Schon bald nach Beginn der Korrespondenz aus der amerikanischen Kriegsgefangenschaft gibt es einen Jahrestag zu begehen: am 07.12.1944 denkt Karl an seinen fünften Hochzeitstag. Auf mich wirkt das immer ziemlich abgefahren, wenn Leute in der Uniform heiraten… muss man das? Oder ist es einfach eine preiswerte Alternative zu einem Anzug, den man sonst extra würde kaufen müssen? Und manchmal frage ich mich, über welche absurden Kleinigkeiten ich mir so Gedanken machen kann…
Soon after he took up correspondence as a POW in the US, he mentions an anniversary: on December 7, 1944 Karl remembers his 5th wedding anniversary. I guess I have a somewhat different predisposition or does anyone else find it weird when people get married wearing uniforms… or is that mandatory? Or maybe it’s just an inexpensive alternative compared to buying a whole new suit in times when you need to be a penny pincher? And sometimes I wonder how seemingly little things can make me pause…
Mehr ein gemütliches Kaffeekränzchen als die große Party, aber vielleicht ist es einem danach am 07.12.1939 auch nicht. Mein Großvater war offenbar auf Heimaturlaub von der „Westfront“, wie sein Einsatzgebiet für den Zeitraum 26.08.1939 – 11.02.1940 im Wehrstammbuch gelistet ist. Fünf Jahre später jedenfalls schreibt er:
Ich bin in alle Lande verschlagen worden und zum guten Schluss in amerikanischer Kriegsgefangenschaft gelandet. Führwahr kein rühmliches Ende […]. Du hast mir gegenüber das wesentlich schwerere durchgemacht. […] die vielen Bombenangriffe auf die Heimat.
It looks more like a coffeeklatsch than a party but maybe it wasn’t exactly the time for partying generally speaking on December 7, 1939. My grandfather must have been on home leave from what is listed as „west front“ in his army register for the period August 26, 1939 to February 11, 1940. Five years later he writes:
I have been all over the place and finally ended up as a POW in America. Certainly anything but an honorable ending […]. Compared to me you had to go through a lot more. […] all the bomb raids on our homeland.
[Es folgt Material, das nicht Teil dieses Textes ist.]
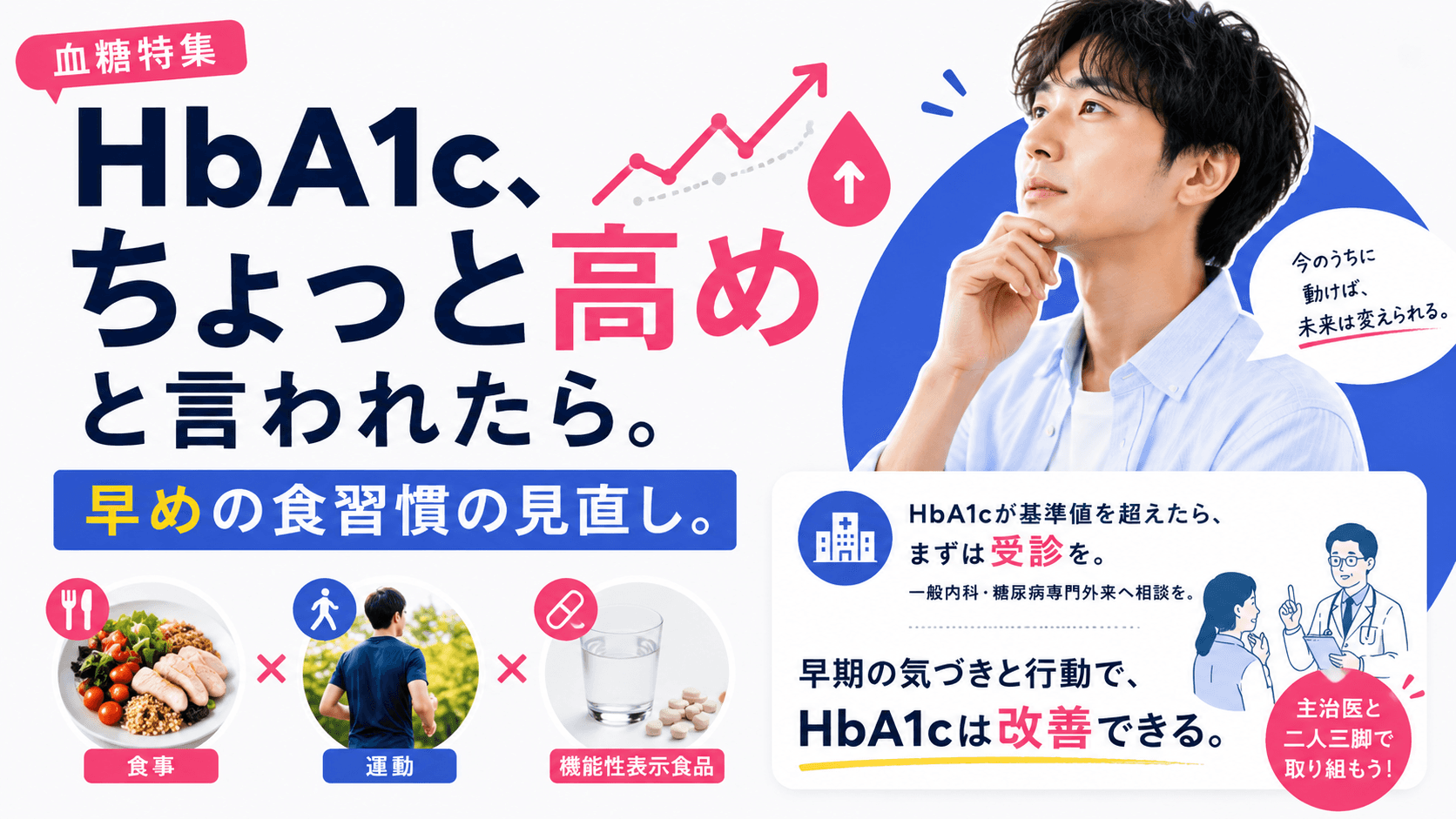 健診でHbA1cが少し高いと言われました。治療以外に、血糖値対策の機能性表示食品も試してよさそうでしょうか?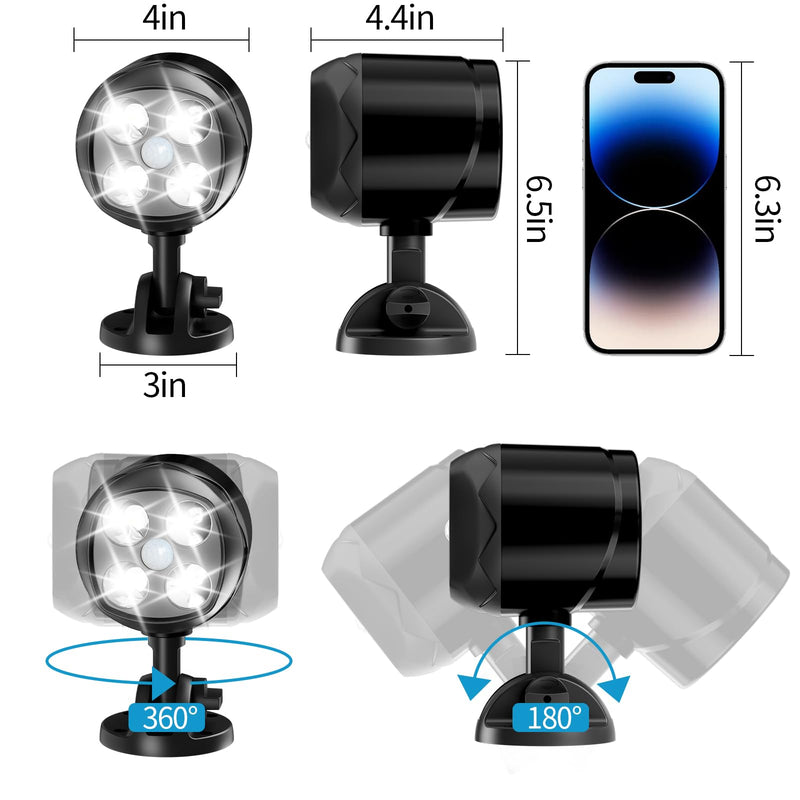 Battery Operated Motion Outdoor Waterproof Lights, 800 Lumen Ultra Bright Battery Powered Night Activation Security Spotlight for Porch, Trash Can, Stairs, Garage (2 Pack) 2 Packs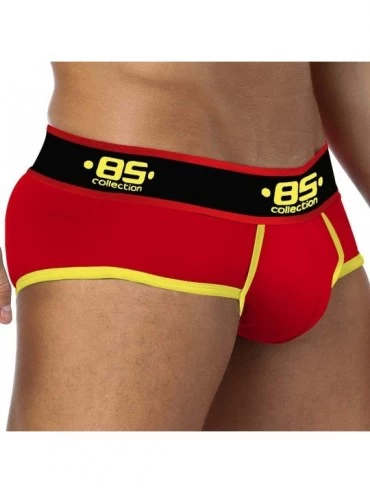 Briefs Men's 3 Pack Cotton Underwear Breathable Low Rise Big Pouch Briefs - Black-navy-red - CC18Z8AW6SD $19.26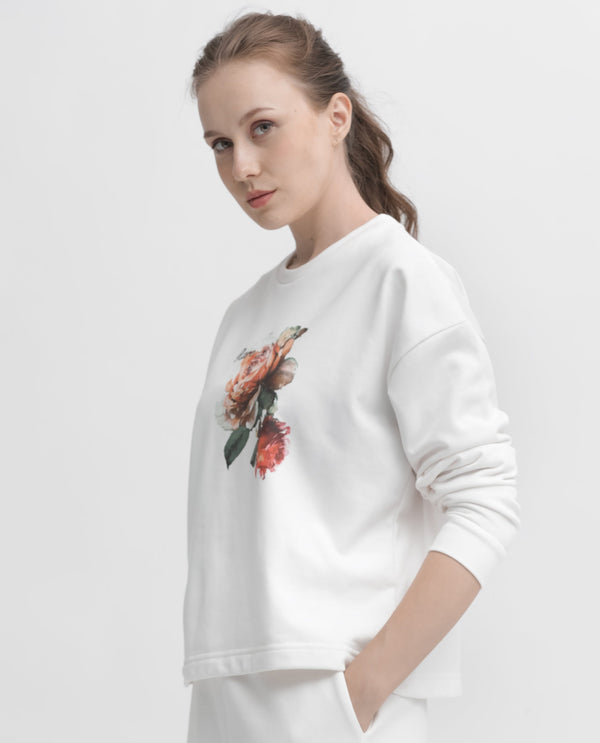 Rareism Articale Women Curtin Off White Poly Cotton Fabric Full Sleeves Crew Neck Regular Fit Graphic Print Sweatshirt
“In alle Lande verschlagen”… ich finde Zeiten in Susterburg (?), Insterburg (heute: Chernyakhovsk), Bromberg (heute Bydgoszcz), Lingen/Ems, Minden, Südfrankreich… und ein Ort in Russland, den ich als Melerossowo lese, was aber bei einer Internetsuche in allen möglichen Schreibarten kein Ergebnis bringt. Dort jedenfalls kam es am 29.11.1941 zu einem “Kopfstreifschuss über dem rechten Auge”. Vielleicht mit ein Grund dafür, dass er nichts davon hielt, dass ich mich nach Russland aufmache. Und/oder, weil sein Bruder Leo 1942 in Frolowo gefallen ist. Das habe ich bei den Recherchen nebenbei auch noch rausfinden können. Mittlerweile ist sein Grab (von sterblichen Überresten dürfte nach fast 80 Jahren wohl keine Rede mehr sein) auf dem Friedhof Rossoschka zu finden. Ich schweife ab. In seinem Brief fährt er fort:
[Unsere Kinder] sind uns heilige Verpflichtung, ihnen gilt ja unser ganzer Kampf, den wir hoffentlich in Kürze siegreich beenden. […] In alter Liebe und Treue zu Dir und der festen Überzeugung an den Endsieg, grüßt und küßt dich innigst Dein Karl.
“All over the place“ (and I definitely do not manage to translate his letters adequately, his style is much more old fashioned and convoluted)… I find periods in Susterburg (?), Insterburg (today’s Chernyakhovsk), Bromberg (today’s Bydgoscz), Lingen/Ems, Minden, Southern France… and a place in Russia which I read as Melerossowo, but internet searches with all kinds of variations didn’t yield any results. That was the place, though, where on November 29, 1941 he suffered from a „graze to the head above the right eye“. Maybe that’s why he didn’t want me to go to Russia. And/or the fact that his brother Leo fell in Frolowo in 1942. That was a „side find“ of my research. His grave is to be found on the Rossoschka cemetery (I guess almost 80 years later, there are no more mortal remains). I’m getting distracted. He continues:
[Our children] are our holy mandate, our fight – which will hopefully end victoriously soon – is for them. […] In old love (?) and loyalty to you and the unwavering conviction of the final victory, I greet and kiss you most intimately. Yours, Karl.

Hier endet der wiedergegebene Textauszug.